Dershowitz railed against Chomsky’s claims about the Nakba—the Arabic word for what some believe was the forced Palestinian exodus from Israel in 1948 and 1949—in an hour-long discussion last night that was sponsored by Harvard Students for Israel (HSI).
Though Dershowitz and Chomsky—who had spoken at an event an hour earlier—weren’t in the same place last night, the two were engaged in a pseudo-debate because Dershowitz attended the end of Chomsky’s speech and then spent his own seeking to undermine his nemesis, who is an outspoken critic of Israel.

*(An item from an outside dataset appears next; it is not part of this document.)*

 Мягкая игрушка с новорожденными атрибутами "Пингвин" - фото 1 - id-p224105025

The law professor accused Chomsky, whom he first met in 1948, of “making up facts,” calling the linguist a “Holocaust denier, a denier of history, a denier of reality and the truth.”

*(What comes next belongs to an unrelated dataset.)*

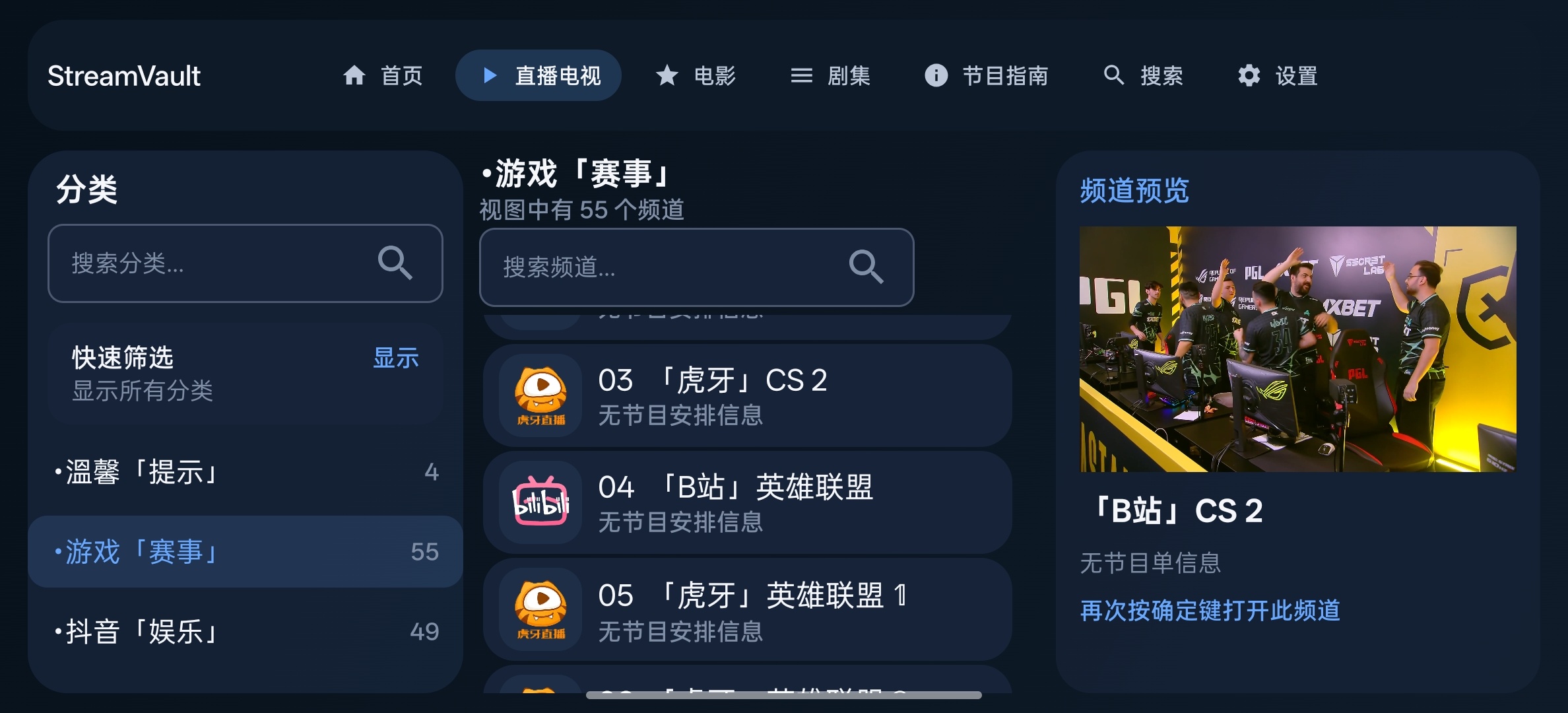 【实用软件】StreamVaultIPTV观看全世界直播!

Chomsky “hates America, hates Israel [and], hates western democracy,” he said.
Dershowitz’s event was a response to the Chomsky speech, itself part of the “Nakba 101” week that was organized by the Harvard Nakba Committee. Dershowitz said he asked to debate Chomsky, but the committee cited a fixed schedule as reason not to host a debate. Dershowitz called the lack of a debate an “attempt to present their narrative unchallenged.”
Though Dershowitz said he “wants to look forward,” most of his discussion—which attracted about 50 people—focused on the past.
He called the Nakba a “self-inflicted wound” brought on by Palestinian leaders in the 1930s and 1940s, who, he said, refused to accept the existence of a Jewish state when they were offered a two-state compromise.
“Had the Palestinian leadership accepted the two-state solution of 1938, they would have a very large Palestinian land on what is today probably 70 percent of Israel,” Dershowitz said. “And a million Jews would have been saved from the Holocaust.”
Dershowitz said Arab states’ rejection of the resolution has hindered the creation of a Palestinian state.
During the discussion, Dershowitz said he still advocates a two-state solution. He criticized Chomsky’s vision of a bi-national state modelled after Yugoslavia and Lebanon, calling it a “euphemism for the end of Israel as a Jewish state.”
After presenting his own view of the Nakba and related history, Dershowitz answered questions, saying he would only take up questions from audience members who disagreed with him.
Some of the questions took a more personal, and more strident, tone. Robin Zahran, of the Belfer Center for Science and International Affairs at the Kennedy School, said Dershowitz was “as anti-Jew and anti-Israel as they come.”
“You promote nothing but hate, you misconstrue reality,” said Zahran, who is a Palestinian. “You are creating hate between Palestinians and Jews in America.”
Though the discussion was heated, HSI President Jacob M. Victor ’09 called the event a “success.”
“This wasn’t one of our preferred kinds of events,” said Victor, who is also a Crimson editorial writer. “But we felt the decision of the Nakba Committee [to invite Chomsky] was arrogant and underhanded.”